A lot of us have seen this famous photo titled Lunch Atop a Skyscraper once or twice in history books and we’ve all been led to believe it had something to do with the construction of the Empire State Building. First, it didn’t. This picture was taken at Rockefeller Center in Midtown. Plus, the whole thing was staged. Guys didn’t eat lunch like this that often no matter what history might tell you. If you look even with just a glance there are no safety harnesses, no ropes, no anything that could catch these guys if they fell except each other, and that’s not even close to being enough.
The picture no doubt speeds up the heartbeat of several people that look at it considering that a lot of folks couldn’t even imagine being out on a steel girder in midair with nothing between the ground but a lot of empty space. Many would just seize up at the mere thought of it, but there’s a trick to this photo. It’s been revealed that there was a finished floor just a little ways beneath the men in the photo, meaning that if they did fall and went forwards they would have a chance to land roughly on the floor and not pitch over. If you’ll notice the majority of them are hunched over to some degree anyway, as this isn’t the kind of spot you would normally lean back and try to stretch.

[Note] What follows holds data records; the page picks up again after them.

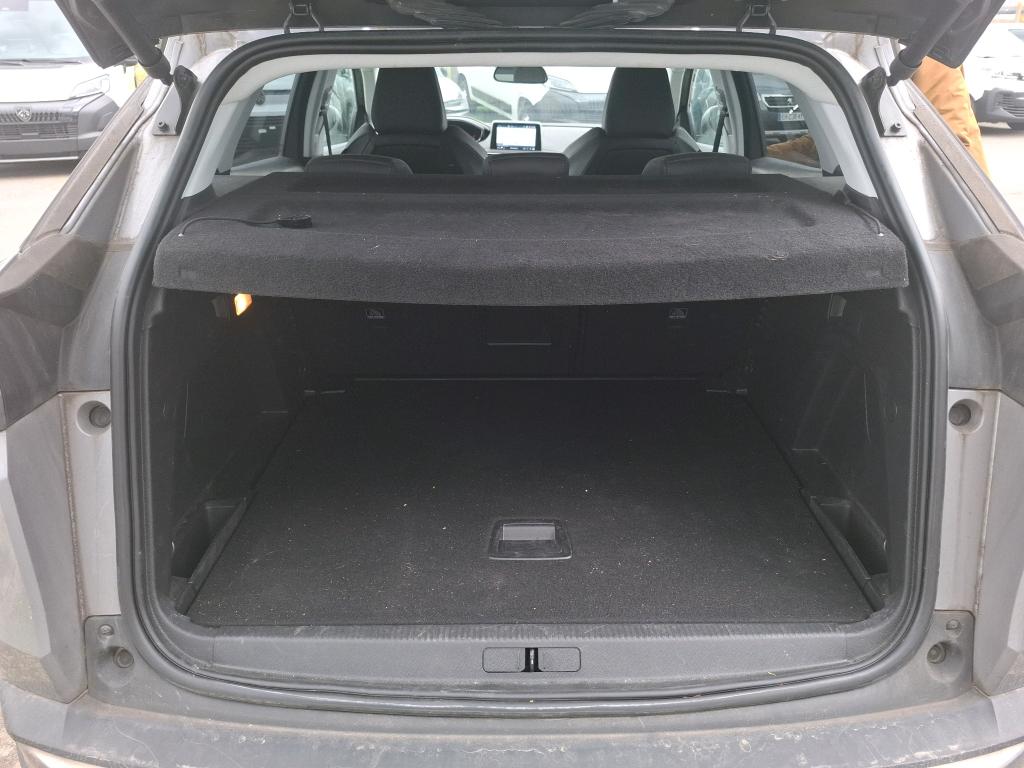Peugeot 3008 BlueHDi 130ch S&S BVM6 Allure Business 2020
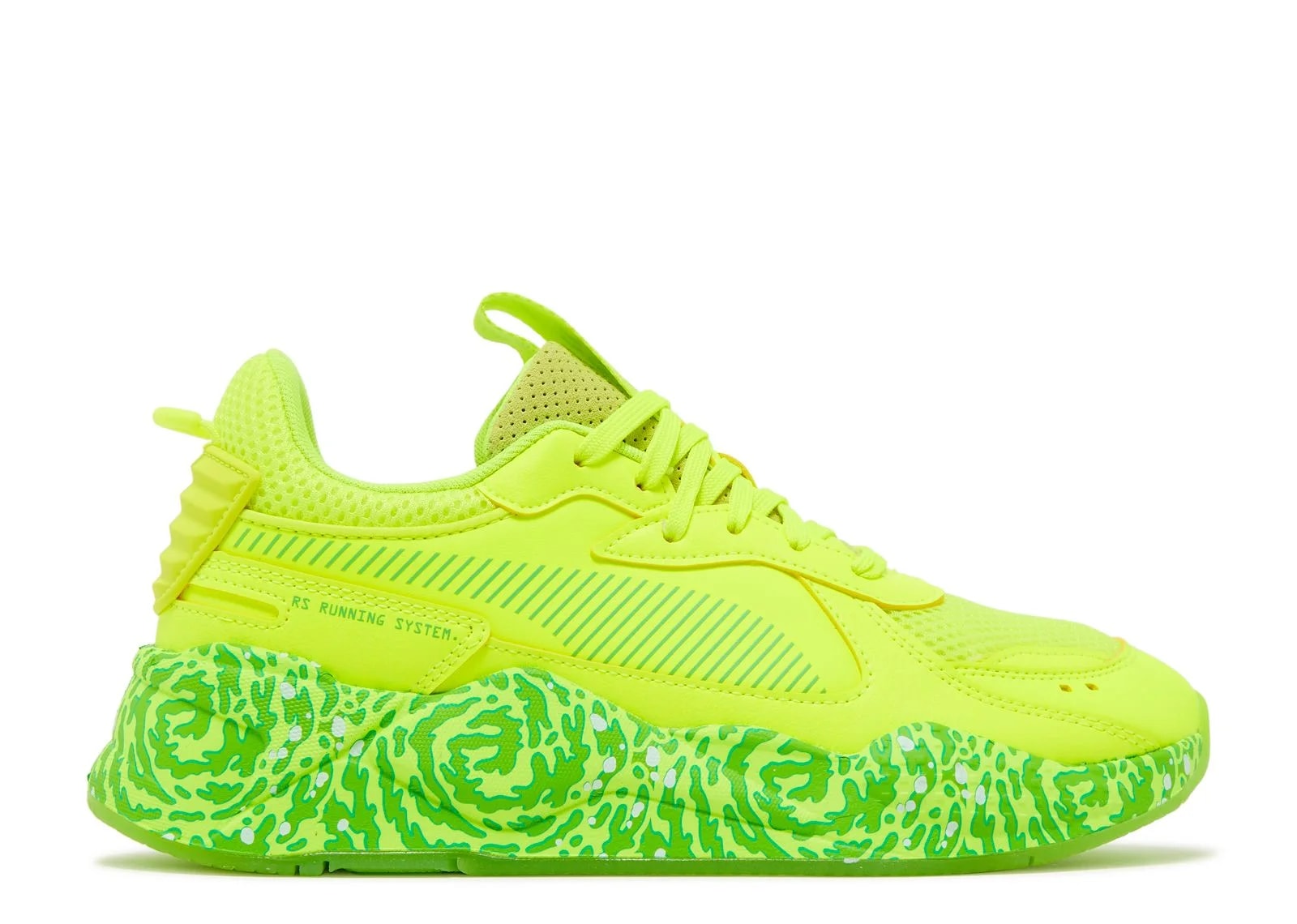 Puma — Rick and Morty X Rs-x — Sneaker — resale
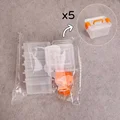 5pcs orange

Despite the picture being staged the men that worked on the various buildings throughout New York back in these days had a very hard job to accomplish. Working the high steel was not an envious position aside from the fact that it was a paying job. If you had the know-how and the courage you could make a decent paycheck and take it home to your family. Of course you had to be able to keep coming back and doing what the bosses told you without complaint. These were hard times, those that complained often didn’t get ask to come back. And yet so many people stuck it out because they knew that the alternative, not working, wouldn’t afford them anything.

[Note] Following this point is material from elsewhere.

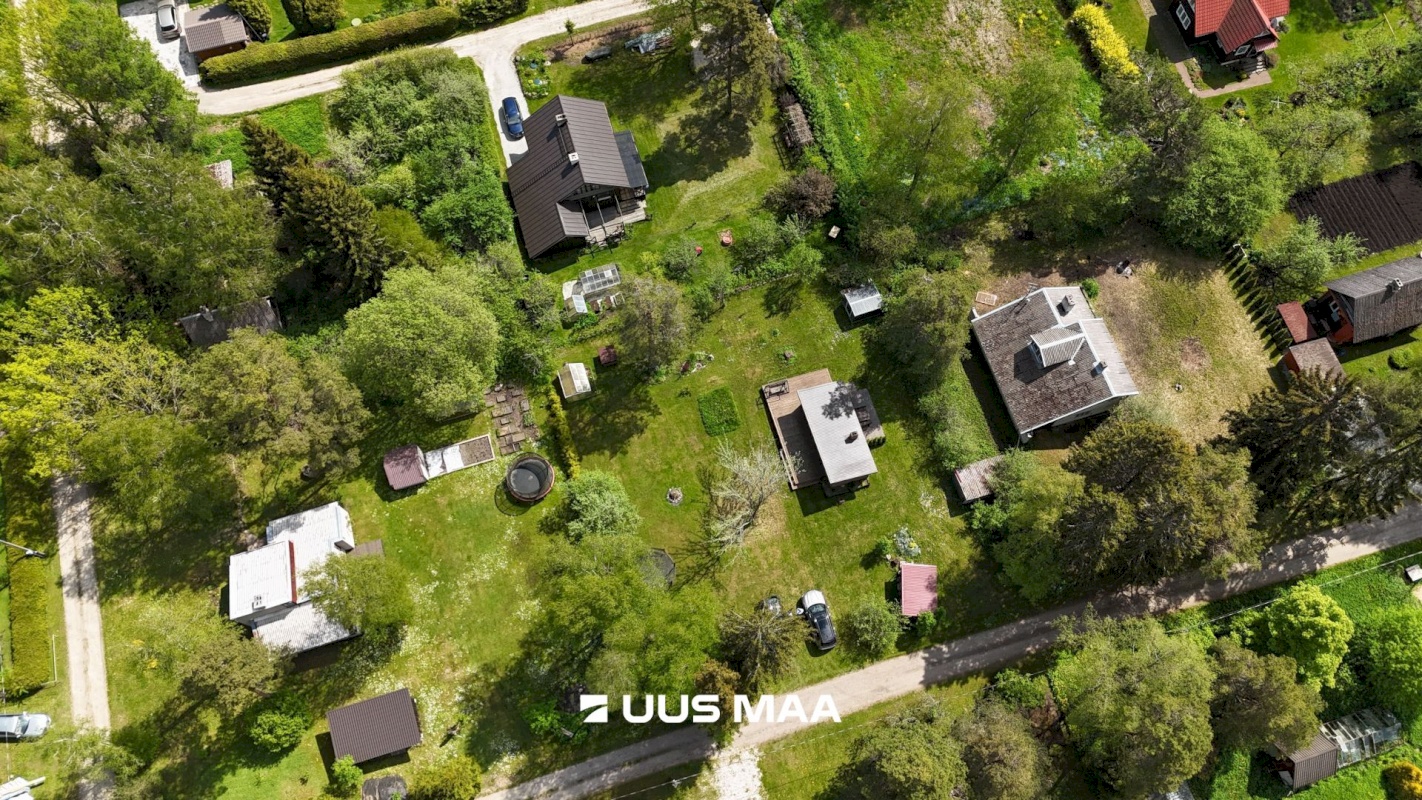 Kose vald, Krei küla, Kivivõhma 23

These were tough men, hard men, doing hard work that demanded a lot of them. It was nice to see that they didn’t always let the pressure get to them. In many way the picture shown above is the determination of the human spirit to persevere during hard times and push forward when things get rough. Think about it, in 1932 the US was still in the middle of the Great Depression, and was still on the tail end of Prohibition. There wasn’t a lot to be done to alleviate the suffering that was going on within the country and there wasn’t much else that could be done except to work, work some more, and then work harder to support one’s family and self.
It was a much harder time in terms of survival. People did what they had to do, and at almost every moment there was a person there to point and shoot in order to document those times.